UPS paid $6.1 billion in order to exit the fund. That should have covered the pension costs for UPS workers in the Central States fund that retired beforehand, including Dopp. But the fund has been hit hard financially by the aging workforce. It now has five retirees for each worker. And the deregulation of the trucking industry forced many of its member companies into bankruptcy. Unlike UPS, which paid billions of dollars to cover its workers when it left the fund, some of the bankrupt companies couldn't pay up. So now Central States is making cuts to most of its participants' benefits, regardless of which employer they worked for.

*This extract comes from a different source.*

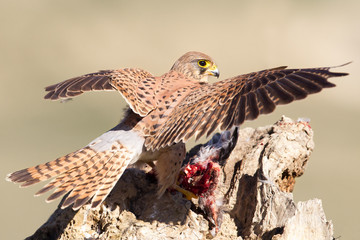 Kestrel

"UPS regrets that economic challenges and other conditions have resulted in Central States administrators choosing to propose a difficult restructuring that will potentially adversely impact thousands of retired UPS employees," the spokesman said.But the company has already made "substantial" payments to fund its former workers' retirements, he added.
Central States would be the first to make cuts
The fund wouldn't have been allowed to cut current retirees' benefits, legally, without a federal law that passed in December. Not everyone in the fund is seeing the same size cut to their pension. Those over 80, on disability, or receiving a spousal death benefit will not see their pension checks cut. But retirees whose employers left the fund and did not pay what was due on their behalf will see the most severe cuts, according to a provision in the law.

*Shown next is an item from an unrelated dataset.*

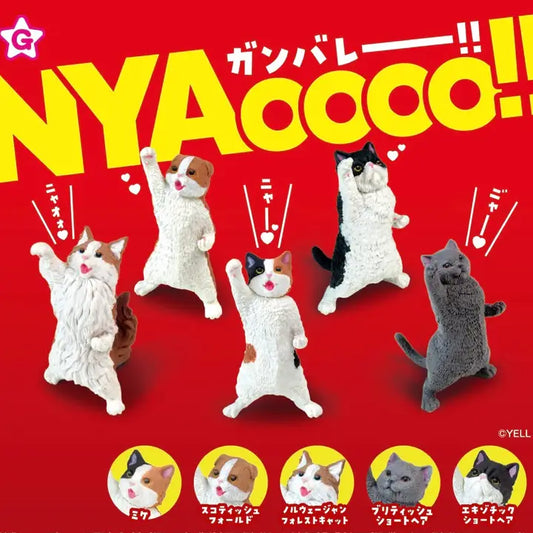 Nyaoo Cheer Cats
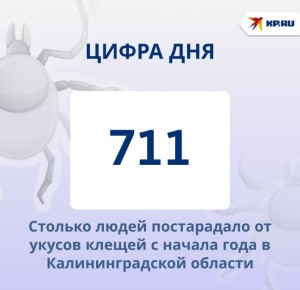  2    12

The Treasury Department will have the final say on whether the cuts are fair, and necessary in order to avoid insolvency. The agency has tapped attorney Ken Feinberg, who's known for overseeing the 9/11 victim compensation fund, to review the plan. Feinberg has about six more months before he must either approve or reject the fund's proposed cuts.
"It's very sad that anyone has to see their pension cut, but we feel that it's not right that a profitable company like UPS isn't doing right by their employees," said Debbie Dopp, Jim's wife. She's a high school teacher, and will be putting off her retirement to make up the difference if her husband's pension check is cut. Their son will be entering college in 2017, and they'd like to help with the cost.